#### [Directions]
Please output exactly the run of lines that starts at the line with "Orangenkinder, Bio Leder" and ends at the last line of the records below.

(Brief descriptive captions)

# # # #

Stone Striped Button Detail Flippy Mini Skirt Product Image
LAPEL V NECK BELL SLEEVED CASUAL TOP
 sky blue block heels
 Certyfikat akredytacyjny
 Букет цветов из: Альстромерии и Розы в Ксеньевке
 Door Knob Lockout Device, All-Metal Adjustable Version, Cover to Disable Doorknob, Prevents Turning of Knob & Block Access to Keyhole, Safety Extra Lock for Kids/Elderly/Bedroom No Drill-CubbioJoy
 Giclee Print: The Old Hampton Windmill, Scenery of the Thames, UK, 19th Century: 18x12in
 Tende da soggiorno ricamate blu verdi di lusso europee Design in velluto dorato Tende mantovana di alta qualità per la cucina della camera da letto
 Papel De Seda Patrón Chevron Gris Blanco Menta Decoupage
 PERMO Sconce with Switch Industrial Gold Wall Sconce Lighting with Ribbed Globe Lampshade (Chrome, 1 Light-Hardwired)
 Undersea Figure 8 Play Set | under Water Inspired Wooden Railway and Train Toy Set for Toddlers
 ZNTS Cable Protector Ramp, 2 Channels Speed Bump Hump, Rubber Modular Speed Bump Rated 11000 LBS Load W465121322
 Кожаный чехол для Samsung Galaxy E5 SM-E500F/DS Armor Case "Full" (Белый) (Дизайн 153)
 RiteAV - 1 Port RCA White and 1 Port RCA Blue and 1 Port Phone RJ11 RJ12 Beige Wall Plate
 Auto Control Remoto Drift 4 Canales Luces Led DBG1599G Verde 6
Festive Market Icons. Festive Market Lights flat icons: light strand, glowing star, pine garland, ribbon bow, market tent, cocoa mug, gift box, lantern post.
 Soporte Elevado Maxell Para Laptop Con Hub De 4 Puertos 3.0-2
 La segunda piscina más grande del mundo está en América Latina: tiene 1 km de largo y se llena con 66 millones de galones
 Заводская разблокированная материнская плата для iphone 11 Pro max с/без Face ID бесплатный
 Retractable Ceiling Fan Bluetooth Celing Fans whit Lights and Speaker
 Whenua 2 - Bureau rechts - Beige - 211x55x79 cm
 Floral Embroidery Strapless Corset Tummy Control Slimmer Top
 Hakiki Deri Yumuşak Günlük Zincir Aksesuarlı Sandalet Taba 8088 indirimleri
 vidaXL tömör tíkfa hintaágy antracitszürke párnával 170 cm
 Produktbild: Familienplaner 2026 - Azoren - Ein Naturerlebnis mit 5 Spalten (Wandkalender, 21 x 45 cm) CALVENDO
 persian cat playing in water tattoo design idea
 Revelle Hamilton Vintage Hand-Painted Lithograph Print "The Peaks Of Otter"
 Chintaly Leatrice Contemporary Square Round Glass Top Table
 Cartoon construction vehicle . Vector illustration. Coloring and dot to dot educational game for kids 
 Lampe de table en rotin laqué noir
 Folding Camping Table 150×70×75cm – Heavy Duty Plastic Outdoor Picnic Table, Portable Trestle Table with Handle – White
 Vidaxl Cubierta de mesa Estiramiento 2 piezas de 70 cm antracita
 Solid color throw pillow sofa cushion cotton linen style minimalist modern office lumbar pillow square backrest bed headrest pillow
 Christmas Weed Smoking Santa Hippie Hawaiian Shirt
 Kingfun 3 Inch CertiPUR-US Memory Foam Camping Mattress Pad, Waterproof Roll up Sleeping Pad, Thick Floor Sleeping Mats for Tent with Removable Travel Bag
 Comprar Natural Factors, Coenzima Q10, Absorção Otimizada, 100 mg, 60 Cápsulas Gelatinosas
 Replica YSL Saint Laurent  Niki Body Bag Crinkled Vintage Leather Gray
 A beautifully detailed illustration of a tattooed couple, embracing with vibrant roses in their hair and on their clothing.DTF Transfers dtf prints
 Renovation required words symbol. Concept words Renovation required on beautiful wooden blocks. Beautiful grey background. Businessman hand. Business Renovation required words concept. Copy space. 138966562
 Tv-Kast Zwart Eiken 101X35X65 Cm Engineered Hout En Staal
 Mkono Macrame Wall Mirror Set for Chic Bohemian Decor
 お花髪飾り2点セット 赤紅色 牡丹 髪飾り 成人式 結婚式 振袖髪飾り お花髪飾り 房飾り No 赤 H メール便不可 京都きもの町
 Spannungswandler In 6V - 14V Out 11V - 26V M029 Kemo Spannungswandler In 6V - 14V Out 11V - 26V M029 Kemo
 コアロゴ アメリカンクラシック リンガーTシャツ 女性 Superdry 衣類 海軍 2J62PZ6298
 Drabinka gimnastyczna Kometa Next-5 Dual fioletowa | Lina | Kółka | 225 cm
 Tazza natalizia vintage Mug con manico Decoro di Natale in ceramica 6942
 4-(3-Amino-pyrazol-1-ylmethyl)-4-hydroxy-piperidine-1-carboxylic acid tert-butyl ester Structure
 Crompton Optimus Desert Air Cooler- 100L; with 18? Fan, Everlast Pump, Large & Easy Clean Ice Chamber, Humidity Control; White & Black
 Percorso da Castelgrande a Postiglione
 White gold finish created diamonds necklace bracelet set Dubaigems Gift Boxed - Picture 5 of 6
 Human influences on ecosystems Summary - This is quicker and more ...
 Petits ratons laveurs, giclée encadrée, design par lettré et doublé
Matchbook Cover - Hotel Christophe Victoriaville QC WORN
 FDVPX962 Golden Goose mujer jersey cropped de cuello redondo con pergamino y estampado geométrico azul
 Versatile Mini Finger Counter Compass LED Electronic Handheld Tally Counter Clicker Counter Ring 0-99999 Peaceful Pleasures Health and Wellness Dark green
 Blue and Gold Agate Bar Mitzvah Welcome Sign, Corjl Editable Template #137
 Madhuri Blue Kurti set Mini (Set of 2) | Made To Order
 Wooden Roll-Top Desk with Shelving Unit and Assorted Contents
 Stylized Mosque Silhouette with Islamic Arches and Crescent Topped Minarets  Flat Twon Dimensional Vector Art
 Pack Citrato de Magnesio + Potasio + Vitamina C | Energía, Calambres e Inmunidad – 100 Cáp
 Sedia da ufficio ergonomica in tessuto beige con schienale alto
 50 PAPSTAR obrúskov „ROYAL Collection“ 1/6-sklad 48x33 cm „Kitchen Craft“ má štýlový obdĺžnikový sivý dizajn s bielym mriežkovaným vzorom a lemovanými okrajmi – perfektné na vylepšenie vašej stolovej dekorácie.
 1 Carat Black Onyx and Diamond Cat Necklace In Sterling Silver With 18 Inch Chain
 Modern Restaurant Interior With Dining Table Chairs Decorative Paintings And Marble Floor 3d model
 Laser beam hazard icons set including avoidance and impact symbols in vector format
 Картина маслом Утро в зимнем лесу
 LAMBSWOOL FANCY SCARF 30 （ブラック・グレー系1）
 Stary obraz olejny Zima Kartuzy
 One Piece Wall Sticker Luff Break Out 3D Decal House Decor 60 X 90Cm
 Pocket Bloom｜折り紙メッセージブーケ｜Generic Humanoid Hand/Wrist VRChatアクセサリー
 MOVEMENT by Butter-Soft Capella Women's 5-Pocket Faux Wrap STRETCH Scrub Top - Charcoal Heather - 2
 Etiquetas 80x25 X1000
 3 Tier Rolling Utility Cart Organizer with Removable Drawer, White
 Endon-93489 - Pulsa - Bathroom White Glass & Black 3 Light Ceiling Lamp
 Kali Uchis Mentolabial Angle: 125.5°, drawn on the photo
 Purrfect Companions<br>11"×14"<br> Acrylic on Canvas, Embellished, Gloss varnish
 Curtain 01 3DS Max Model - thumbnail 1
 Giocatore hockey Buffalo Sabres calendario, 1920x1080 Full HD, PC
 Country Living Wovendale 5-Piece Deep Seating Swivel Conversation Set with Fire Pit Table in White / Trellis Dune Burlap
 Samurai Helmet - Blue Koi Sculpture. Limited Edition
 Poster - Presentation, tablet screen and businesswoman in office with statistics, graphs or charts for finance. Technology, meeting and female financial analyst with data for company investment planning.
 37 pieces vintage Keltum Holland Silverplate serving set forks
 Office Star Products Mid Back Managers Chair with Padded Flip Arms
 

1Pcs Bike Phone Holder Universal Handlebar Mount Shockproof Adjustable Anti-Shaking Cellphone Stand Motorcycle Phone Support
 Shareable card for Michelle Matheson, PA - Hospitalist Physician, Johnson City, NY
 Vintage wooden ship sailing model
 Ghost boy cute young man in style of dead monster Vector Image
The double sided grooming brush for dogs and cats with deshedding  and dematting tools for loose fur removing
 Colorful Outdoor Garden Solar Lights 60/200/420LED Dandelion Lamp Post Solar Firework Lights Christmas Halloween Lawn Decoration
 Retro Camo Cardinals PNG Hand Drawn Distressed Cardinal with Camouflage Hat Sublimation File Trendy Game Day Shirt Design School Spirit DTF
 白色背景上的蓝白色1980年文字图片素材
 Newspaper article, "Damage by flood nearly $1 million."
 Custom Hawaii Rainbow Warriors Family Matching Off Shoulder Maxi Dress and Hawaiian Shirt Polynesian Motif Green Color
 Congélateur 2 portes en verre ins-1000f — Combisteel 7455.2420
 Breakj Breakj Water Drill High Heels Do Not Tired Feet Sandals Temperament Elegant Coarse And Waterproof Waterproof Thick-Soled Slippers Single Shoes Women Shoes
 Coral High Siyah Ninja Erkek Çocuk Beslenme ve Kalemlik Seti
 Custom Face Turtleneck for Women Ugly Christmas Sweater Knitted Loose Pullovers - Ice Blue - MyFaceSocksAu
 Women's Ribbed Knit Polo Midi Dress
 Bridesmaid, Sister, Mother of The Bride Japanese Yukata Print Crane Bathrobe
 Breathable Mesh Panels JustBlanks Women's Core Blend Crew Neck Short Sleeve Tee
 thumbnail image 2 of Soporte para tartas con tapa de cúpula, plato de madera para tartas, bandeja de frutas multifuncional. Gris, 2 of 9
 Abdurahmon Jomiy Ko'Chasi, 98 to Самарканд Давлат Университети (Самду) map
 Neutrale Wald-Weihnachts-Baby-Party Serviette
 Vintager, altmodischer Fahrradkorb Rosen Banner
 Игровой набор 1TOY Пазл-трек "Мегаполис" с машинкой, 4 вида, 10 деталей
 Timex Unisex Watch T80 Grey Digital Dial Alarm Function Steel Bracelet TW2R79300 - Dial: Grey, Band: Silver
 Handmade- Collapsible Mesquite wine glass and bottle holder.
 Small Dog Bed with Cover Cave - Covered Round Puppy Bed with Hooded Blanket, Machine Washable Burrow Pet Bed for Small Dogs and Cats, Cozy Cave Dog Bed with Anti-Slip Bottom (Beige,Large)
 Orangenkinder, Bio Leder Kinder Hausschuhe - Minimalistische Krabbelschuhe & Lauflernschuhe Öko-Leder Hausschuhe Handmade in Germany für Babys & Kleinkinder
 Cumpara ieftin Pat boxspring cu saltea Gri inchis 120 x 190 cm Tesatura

# # # #

#### [Result below]
 Orangenkinder, Bio Leder Kinder Hausschuhe - Minimalistische Krabbelschuhe & Lauflernschuhe Öko-Leder Hausschuhe Handmade in Germany für Babys & Kleinkinder
 Cumpara ieftin Pat boxspring cu saltea Gri inchis 120 x 190 cm Tesatura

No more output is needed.